*EXTRACTED INFORMATION*:
::::

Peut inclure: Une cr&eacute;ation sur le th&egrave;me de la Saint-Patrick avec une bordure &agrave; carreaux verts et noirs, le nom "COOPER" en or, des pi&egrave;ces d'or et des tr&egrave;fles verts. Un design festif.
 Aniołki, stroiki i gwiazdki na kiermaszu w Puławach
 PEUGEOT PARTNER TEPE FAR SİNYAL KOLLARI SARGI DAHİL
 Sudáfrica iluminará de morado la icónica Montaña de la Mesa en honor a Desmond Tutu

::::

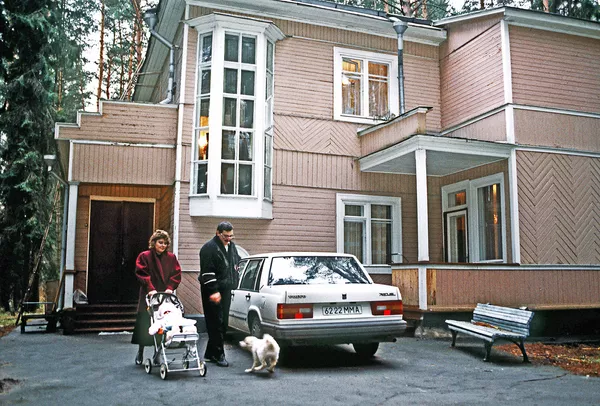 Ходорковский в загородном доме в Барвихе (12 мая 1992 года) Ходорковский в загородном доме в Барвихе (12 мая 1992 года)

::::

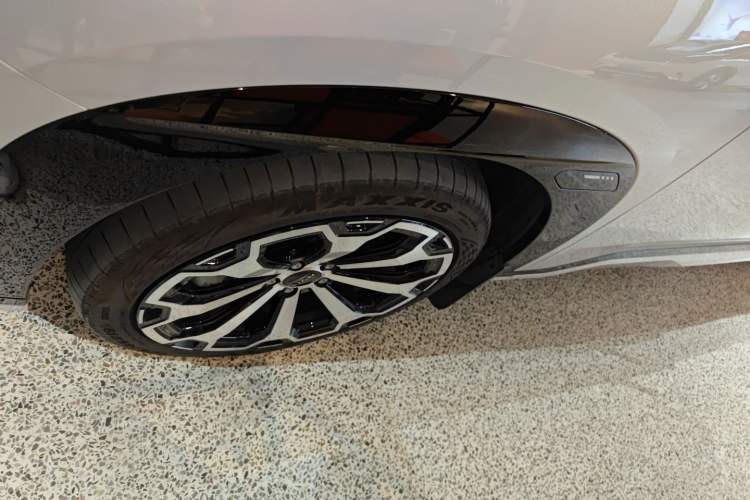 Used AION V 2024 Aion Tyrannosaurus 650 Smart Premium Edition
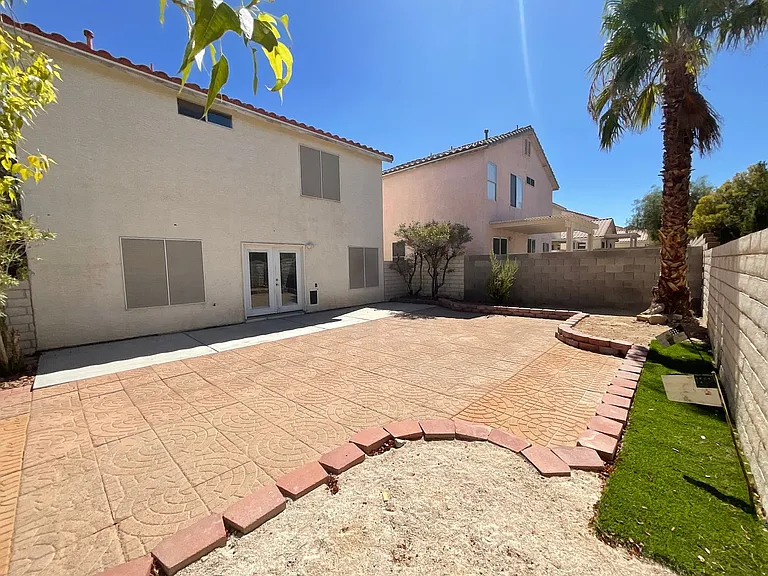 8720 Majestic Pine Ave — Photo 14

::::

Would you copy out exactly the lines above that start at the one containing "Peut inclure: Une" and end at the one containing "Sudáfrica iluminará de", inclusive?

Peut inclure: Une cr&eacute;ation sur le th&egrave;me de la Saint-Patrick avec une bordure &agrave; carreaux verts et noirs, le nom "COOPER" en or, des pi&egrave;ces d'or et des tr&egrave;fles verts. Un design festif.
 Aniołki, stroiki i gwiazdki na kiermaszu w Puławach
 PEUGEOT PARTNER TEPE FAR SİNYAL KOLLARI SARGI DAHİL
 Sudáfrica iluminará de morado la icónica Montaña de la Mesa en honor a Desmond Tutu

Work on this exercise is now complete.